▶ **WHAT TO PRODUCE**
Give back the data below word for word. Any image in it should be left out.

▶ **DATA SECTION**
◆ ◆ ◆ ◆ ◆ ◆ ◆

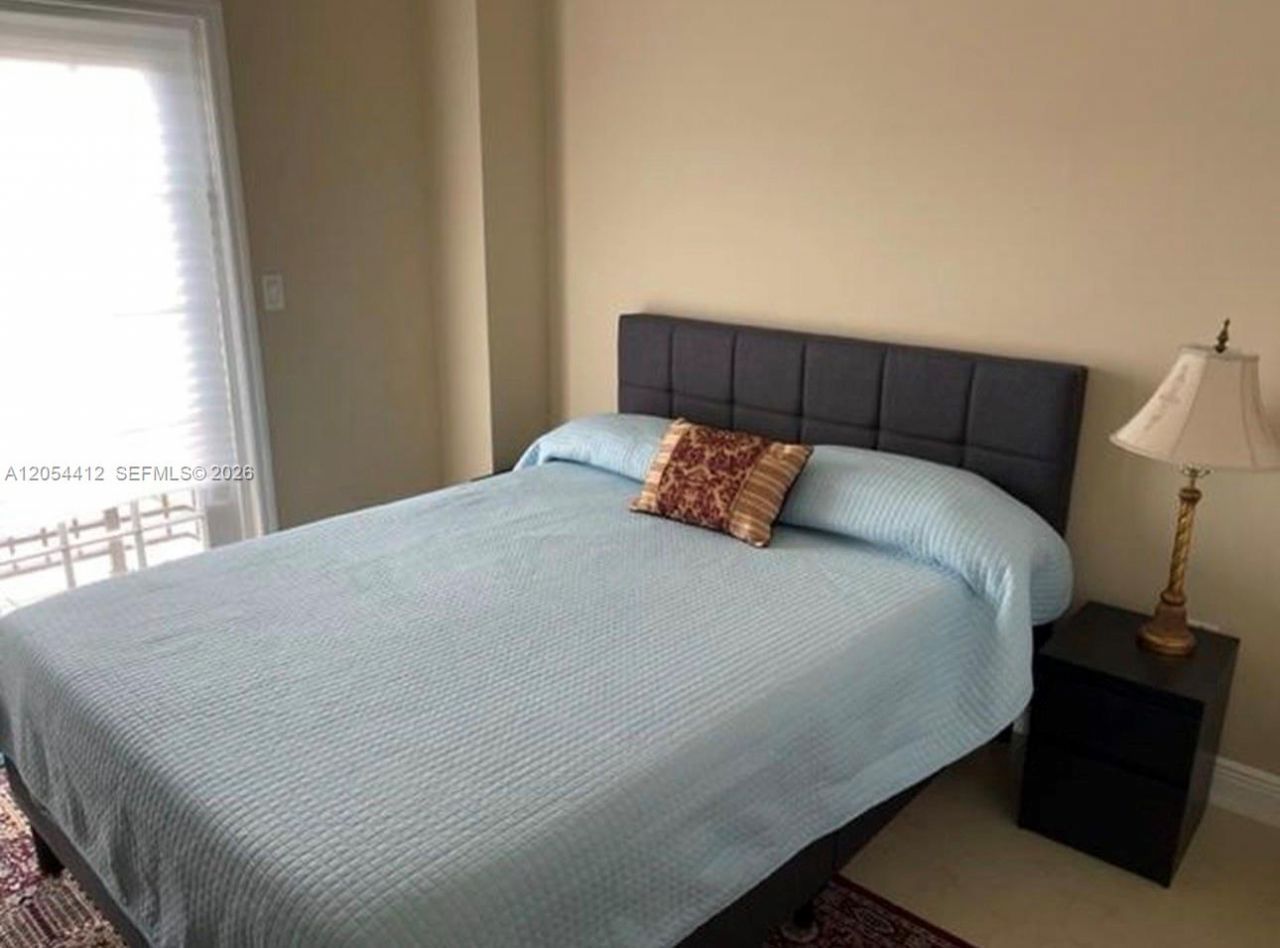 5271 SW 8th St, Unit 501, Miami, FL 33134 Photo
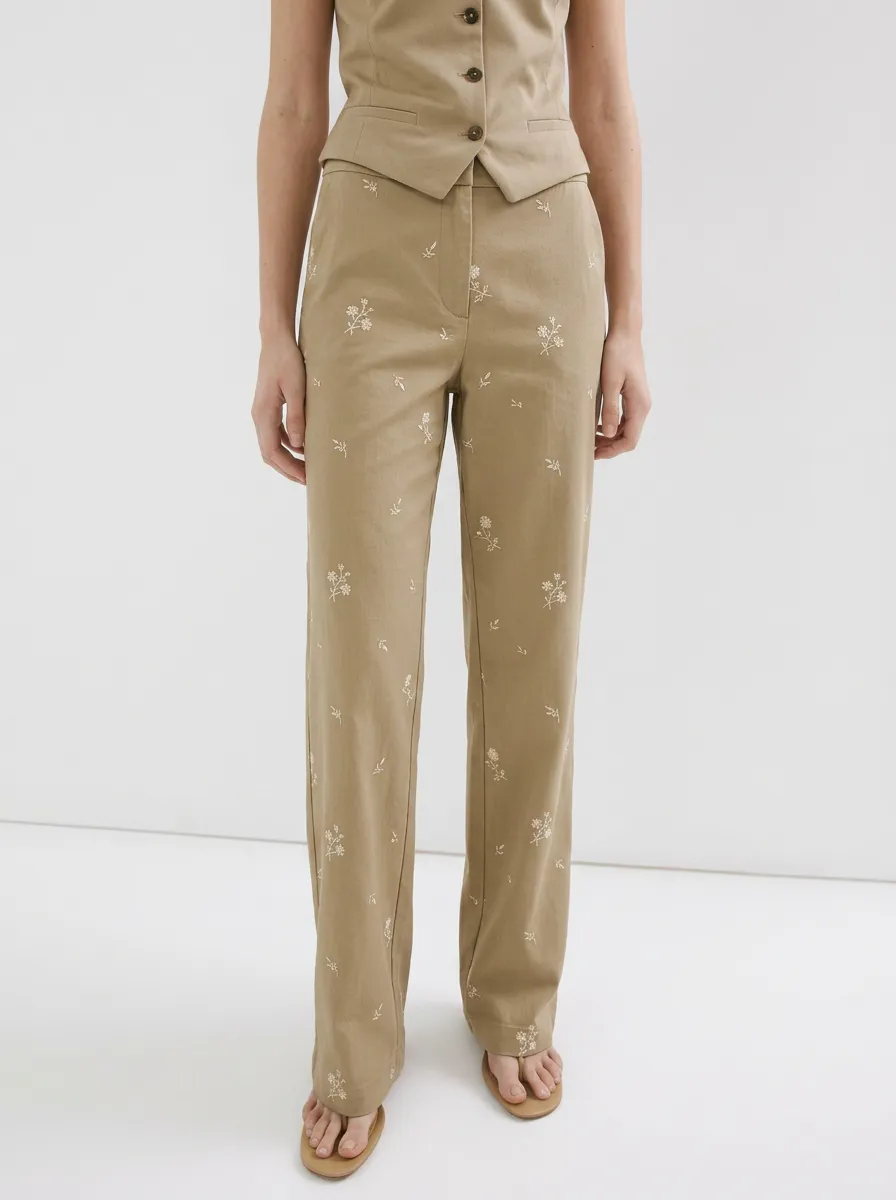 Women's Floral Aesthetic Beige Embroidered Mid-Rise Straight Leg Pants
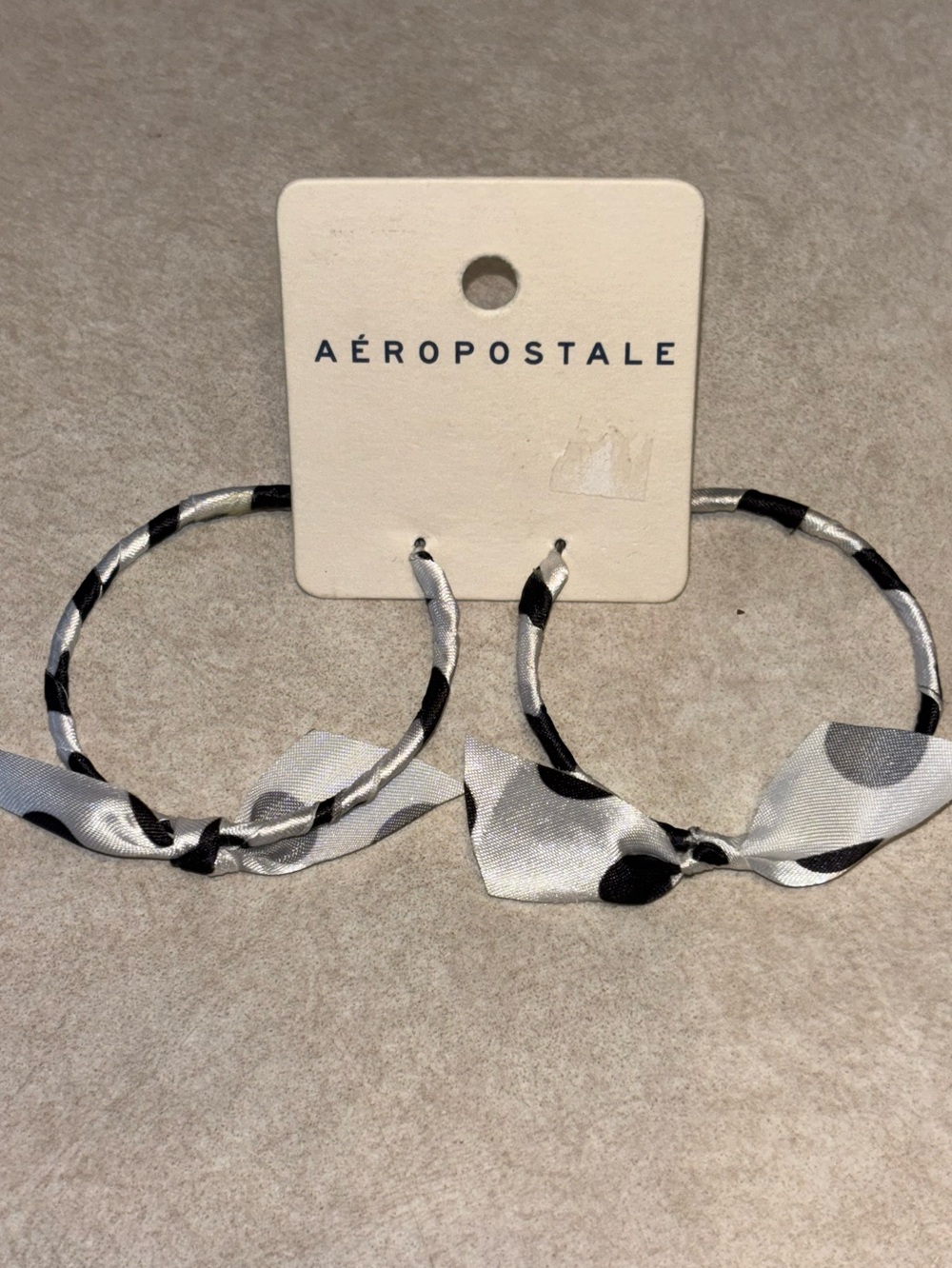 NWT Aeropostale Hoop Earrings with black and white ribbon wrapped & w/ bow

◆ ◆ ◆ ◆ ◆ ◆ ◆

▶ **EXERCISE SOLUTION**
 5271 SW 8th St, Unit 501, Miami, FL 33134 Photo
 Women's Floral Aesthetic Beige Embroidered Mid-Rise Straight Leg Pants
 NWT Aeropostale Hoop Earrings with black and white ribbon wrapped & w/ bow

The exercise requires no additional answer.